Dark Cubed, by its own admission, is a very early stage tech company that is comprised of a handful of highly sought after cybersecurity insiders. Any one of them could be seemingly working as a highly paid security consultant, elsewhere. Instead, their new venture, based out of a Va.-based startup accelerator, involves a fresh environment that’s slightly different from their accustomed to rank-and-file military-style command chain.

Theresa Payton

At the moment, Dark Cubed is operating in a closed-beta. The team works out of the Bunker Labs DC accelerator in Alexandria, Va., a veteran-focused entrepreneurs organization that offers co-working space and business consulting services to help members grow their companies.

Crisler described Dark Cubed as a sort of “Swiss Army Knife for cybersecurity.” He added, “we don’t try to do everything that the enterprise products on the market do, but we focus on doing the right things to get the mid-market visibility into their level of cyber threat, how it is changing, and which things they should focus on with their very limited resources.”

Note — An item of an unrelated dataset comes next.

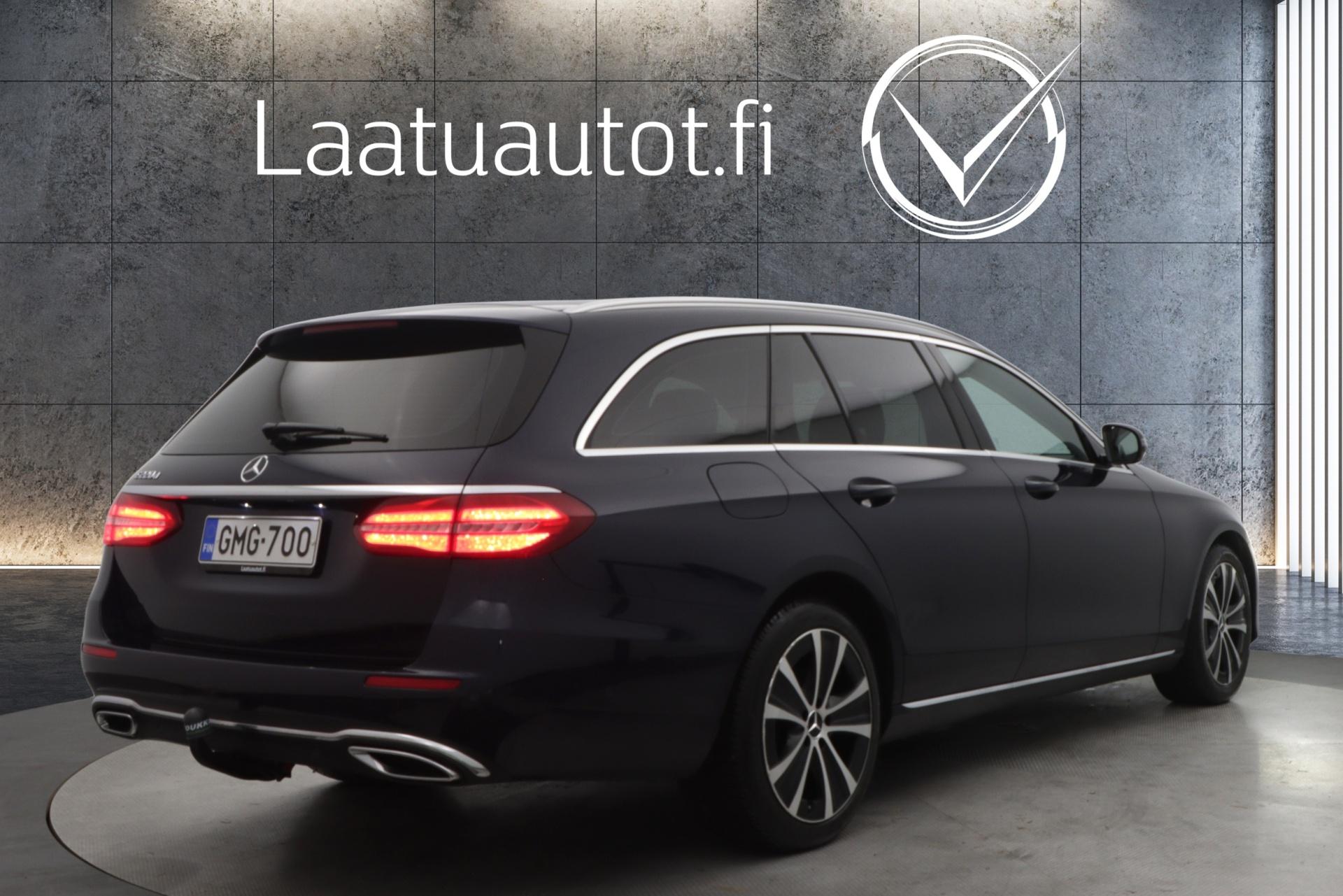 Mercedes-Benz E 2017, kuva 4/37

Founded in 2014, Dark Cubed will soon begin to publicly sell its first product. This product offers a number of digital security tools connected to continuous network monitoring, threat intelligence identification, threat & risk assessment and workflow notations.

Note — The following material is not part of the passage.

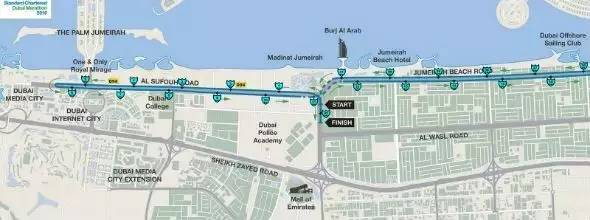 世界最贵国际马拉松,全球最牛的马拉松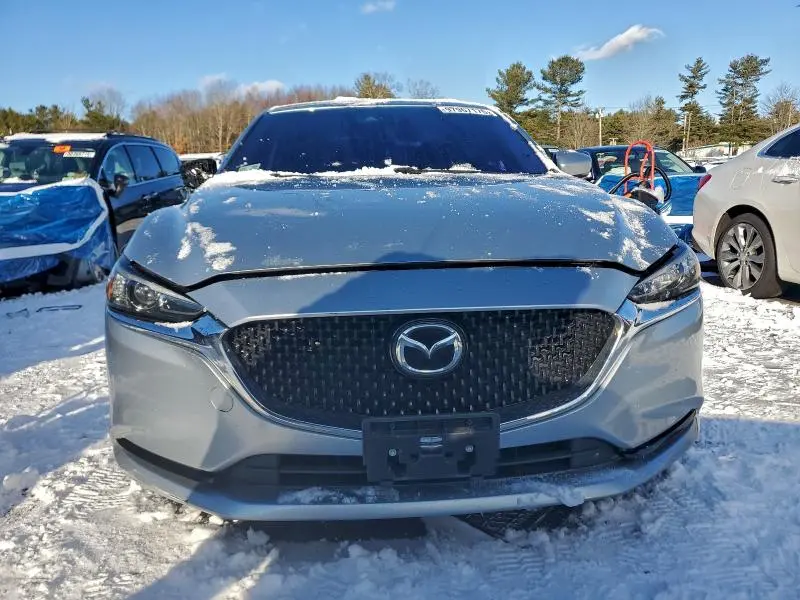 2019 MAZDA 6 SPORT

The software automatically collects information related to realtime inbound and outbound network activity (IPs and domains) and cross-sections it against a verifiable list of noted bad actors. Associated patterns and user access trends can be tagged with threat alerts that then help customers understand and identify “real” risks.

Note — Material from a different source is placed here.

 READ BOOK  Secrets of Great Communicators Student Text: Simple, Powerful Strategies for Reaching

All of this cybersecurity infrastructure data is shared within a closed, encrypted network that filters out client identification, explained Crisler.

The end result, is a total, shared, back-end platform that is constantly updating and adding new threat data so that customers can more quickly identity malicious users. In other words, the more customers that employ Dark Cubed, the stronger the company’s solution becomes.

Additionally, in a crowded and marketing heavy industry like cybersecurity, Dark Cubed’s product appears unique at face value because of the company’s obvious effort to create an elegant user interface (UI). Crisler explained that he had a San Fransisco-based design firm custom build the UI to make it very user-friendly.

A recent study conducted by Tanium and Nasdaq, entitled The Accountability Gap: Cybersecurity & Building a Culture of Responsibility, found that 91 percent of “high[ly] vulnerable” board members can’t interpret a cybersecurity report. Crisler will hope that Dark Cubed’s platform will cut back on that figure, as he describe it to be perfect for rookie security analysts and first year hires.

Access to Dark Cubed’s first product will cost between $2,500 and $5,000 depending on the bandwidth of traffic, said Crisler. The company has been bootstrapped to date and is cash-flow negative.